Considering we already have a way to make meat and dairy, one that’s been working for the human race for thousands of years, it may seem like a lot of effort and money is being spent on coming up with alternatives, but demographic forces are putting the livestock industry and those who depend on it in a precarious position.
Even if we used all the cropland in the world to feed livestock, the demand for meat by 2050 will not be met, according to a study by research firm FarmEcon LLC that considered population and economic growth projections. And while meat consumption worldwide is growing along with population and incomes in developing countries, it has already substantially slowed in the Western world. For example, Canadian consumption of beef and pork has dropped by a quarter since 1999.
Vegetarian meat alternatives obviously have a long way to go to compete with the original. Retailers around the world sold 198,400 tonnes of meat alternatives such as tofu, tempeh and seitan in 2015, according to market research firm Euromonitor International Ltd. That’s a lot of tofu, but it’s just 0.1 per cent of the 260 million tonnes of fresh and processed meat sold that year.
But things are going to change once the alternative is just as good as the real thing, Lee said. “We do not intend to be niche,” he said. “There’s a huge opportunity, a problem to be solved.”
Here’s the problem: Raising a cow is a very inefficient way to make food.
Although modern factory farming is much more efficient than traditional grazing methods of raising and feeding cattle, even state-of-the-art cattle farms use significantly more feed, energy and water than farms raising other types of livestock.

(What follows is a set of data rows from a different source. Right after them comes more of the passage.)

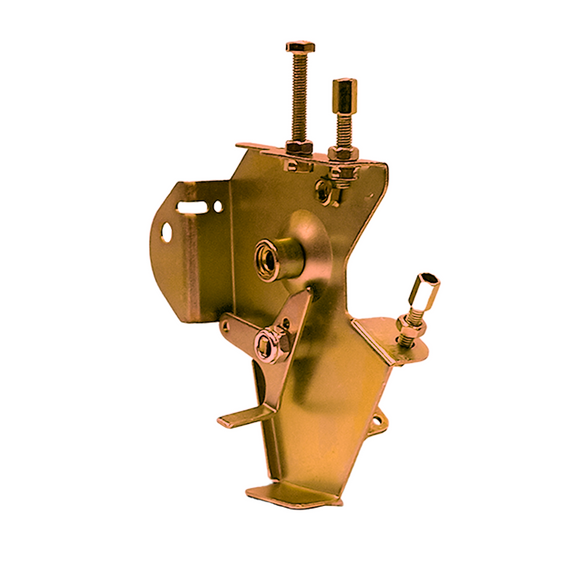 Control De Aceleracion Para Motor 186F Motocultivador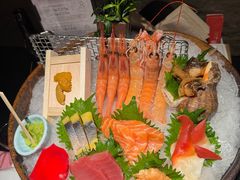 -花潮料理艺食馆(SM新生活广场店)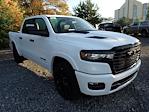 New 2025 Ram 1500 Laramie Crew Cab 4x4 Pickup for sale #D5047 - photo 8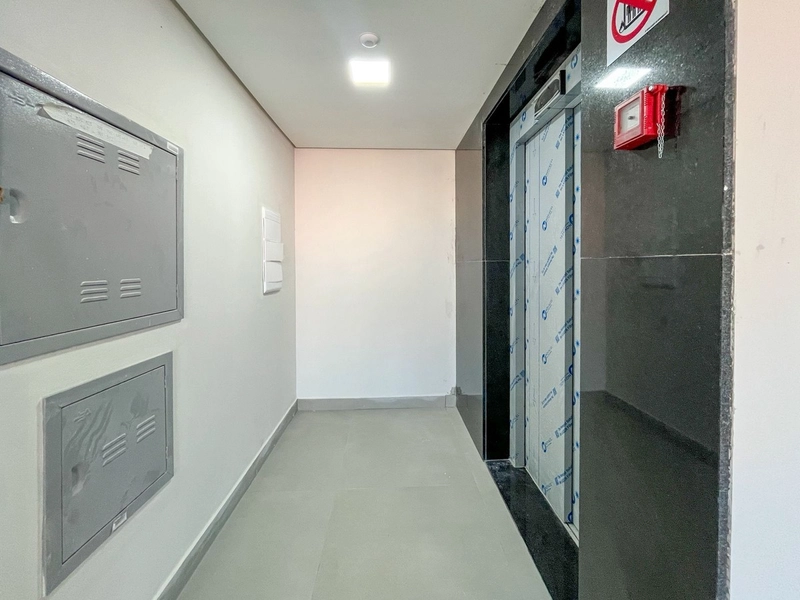 APARTAMENTO| 3 QUARTOS | 1 SUITE | 03 BANHEIROS | 2 VAGAS: 31ª foto da galeria de imagens do imóvel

Depending on the farming method, it takes five to 20 kilograms of feed and 15,400 litres of water to produce a kilogram of beef, compared to two kilograms of feed and 4,300 litres of water for a kilogram of chicken.
Traditional cattle farming in developing countries is more likely to involve converting forests or wetlands into pastures, so the greenhouse-gas emissions per kilogram of beef around the world vary from 58 kilograms to more than 1,000, according to a 2013 study published in the Proceedings of the National Academy of Sciences.
Livestock production also takes up a lot of space. Farmers are using a quarter of the earth’s ice-free land for livestock grazing, according to the United Nations Food and Agriculture Organization, with one-third of the world’s cropland devoted to producing livestock feed.
On the economic side, the U.N. Food and Agriculture Organization estimates the livestock sector generates 1.4 per cent of the world’s gross domestic product and provides income for 1.3 billion people, including one-third of the world’s poor and 65,000 Canadians.
Ron Davidson, spokesperson for the Canadian Meat Council, which represents the companies that employ those Canadians, believes the meat industry gets unfairly scapegoated.
Davidson said the North American beef industry is doing a good job of increasing efficiency and productivity without the help of Silicon Valley. Today, one-third fewer heads of cattle produce the same amount of beef as in 1970.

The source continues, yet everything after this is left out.